* _Task item_: Lines from the first one down to the one containing "BASIC Wall Lavatory" in the data below are the only ones needed; please return them exactly, both ends included.

[Stored items from a collection]
+-------+

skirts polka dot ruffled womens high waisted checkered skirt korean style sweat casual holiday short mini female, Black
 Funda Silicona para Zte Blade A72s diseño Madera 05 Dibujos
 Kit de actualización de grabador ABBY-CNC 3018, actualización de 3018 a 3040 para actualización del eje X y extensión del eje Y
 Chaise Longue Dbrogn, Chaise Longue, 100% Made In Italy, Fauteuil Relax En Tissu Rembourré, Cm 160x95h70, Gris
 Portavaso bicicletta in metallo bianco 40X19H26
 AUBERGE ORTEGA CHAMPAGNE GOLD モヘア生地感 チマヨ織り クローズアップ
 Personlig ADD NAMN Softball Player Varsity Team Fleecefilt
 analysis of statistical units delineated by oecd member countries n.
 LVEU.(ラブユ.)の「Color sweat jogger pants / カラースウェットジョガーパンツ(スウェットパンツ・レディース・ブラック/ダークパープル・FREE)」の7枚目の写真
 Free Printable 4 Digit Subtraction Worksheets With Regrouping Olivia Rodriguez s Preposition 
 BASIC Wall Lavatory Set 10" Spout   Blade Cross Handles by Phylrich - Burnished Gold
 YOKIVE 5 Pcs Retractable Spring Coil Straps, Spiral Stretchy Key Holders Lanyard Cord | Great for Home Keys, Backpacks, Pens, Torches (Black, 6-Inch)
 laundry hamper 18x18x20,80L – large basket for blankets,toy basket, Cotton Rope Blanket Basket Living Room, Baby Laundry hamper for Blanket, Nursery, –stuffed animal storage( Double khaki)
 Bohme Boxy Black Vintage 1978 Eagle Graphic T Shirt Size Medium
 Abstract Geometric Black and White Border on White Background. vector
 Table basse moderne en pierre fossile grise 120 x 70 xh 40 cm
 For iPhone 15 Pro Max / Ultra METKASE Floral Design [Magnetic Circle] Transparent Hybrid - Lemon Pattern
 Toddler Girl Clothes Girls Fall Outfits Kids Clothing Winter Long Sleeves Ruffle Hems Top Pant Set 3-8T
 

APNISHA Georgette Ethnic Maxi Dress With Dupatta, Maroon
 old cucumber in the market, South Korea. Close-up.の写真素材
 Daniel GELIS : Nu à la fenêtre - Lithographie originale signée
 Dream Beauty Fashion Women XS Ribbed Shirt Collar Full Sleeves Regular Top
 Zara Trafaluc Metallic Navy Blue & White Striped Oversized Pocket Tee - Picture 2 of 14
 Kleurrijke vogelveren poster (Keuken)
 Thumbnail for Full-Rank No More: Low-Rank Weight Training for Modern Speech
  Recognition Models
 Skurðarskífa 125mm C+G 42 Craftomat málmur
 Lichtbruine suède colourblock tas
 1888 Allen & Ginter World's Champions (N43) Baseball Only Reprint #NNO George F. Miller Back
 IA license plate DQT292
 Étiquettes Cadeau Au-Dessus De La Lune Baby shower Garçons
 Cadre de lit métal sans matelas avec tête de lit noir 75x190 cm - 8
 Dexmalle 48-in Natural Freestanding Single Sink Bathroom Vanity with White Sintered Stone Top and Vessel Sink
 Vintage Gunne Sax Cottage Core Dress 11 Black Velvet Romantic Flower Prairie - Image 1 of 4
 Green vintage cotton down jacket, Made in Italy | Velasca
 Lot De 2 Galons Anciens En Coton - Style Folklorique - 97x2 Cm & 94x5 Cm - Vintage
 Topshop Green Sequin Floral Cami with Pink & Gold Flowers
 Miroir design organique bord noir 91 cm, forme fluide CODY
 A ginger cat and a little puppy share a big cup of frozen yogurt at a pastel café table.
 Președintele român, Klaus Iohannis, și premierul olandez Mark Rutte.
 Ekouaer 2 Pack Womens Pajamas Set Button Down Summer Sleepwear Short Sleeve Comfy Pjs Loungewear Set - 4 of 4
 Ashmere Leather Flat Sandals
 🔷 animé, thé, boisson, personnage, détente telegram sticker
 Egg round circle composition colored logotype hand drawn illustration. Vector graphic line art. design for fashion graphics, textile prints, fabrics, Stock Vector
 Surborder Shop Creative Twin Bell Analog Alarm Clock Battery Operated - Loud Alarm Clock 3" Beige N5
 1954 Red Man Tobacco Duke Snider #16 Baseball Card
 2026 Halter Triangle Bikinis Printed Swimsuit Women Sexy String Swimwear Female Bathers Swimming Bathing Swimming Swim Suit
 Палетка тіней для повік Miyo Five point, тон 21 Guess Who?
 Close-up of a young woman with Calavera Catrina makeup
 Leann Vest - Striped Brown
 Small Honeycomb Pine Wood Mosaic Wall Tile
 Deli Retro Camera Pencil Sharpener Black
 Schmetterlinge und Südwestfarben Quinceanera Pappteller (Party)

+-------+

* _Completed exercise_:
skirts polka dot ruffled womens high waisted checkered skirt korean style sweat casual holiday short mini female, Black
 Funda Silicona para Zte Blade A72s diseño Madera 05 Dibujos
 Kit de actualización de grabador ABBY-CNC 3018, actualización de 3018 a 3040 para actualización del eje X y extensión del eje Y
 Chaise Longue Dbrogn, Chaise Longue, 100% Made In Italy, Fauteuil Relax En Tissu Rembourré, Cm 160x95h70, Gris
 Portavaso bicicletta in metallo bianco 40X19H26
 AUBERGE ORTEGA CHAMPAGNE GOLD モヘア生地感 チマヨ織り クローズアップ
 Personlig ADD NAMN Softball Player Varsity Team Fleecefilt
 analysis of statistical units delineated by oecd member countries n.
 LVEU.(ラブユ.)の「Color sweat jogger pants / カラースウェットジョガーパンツ(スウェットパンツ・レディース・ブラック/ダークパープル・FREE)」の7枚目の写真
 Free Printable 4 Digit Subtraction Worksheets With Regrouping Olivia Rodriguez s Preposition 
 BASIC Wall Lavatory Set 10" Spout   Blade Cross Handles by Phylrich - Burnished Gold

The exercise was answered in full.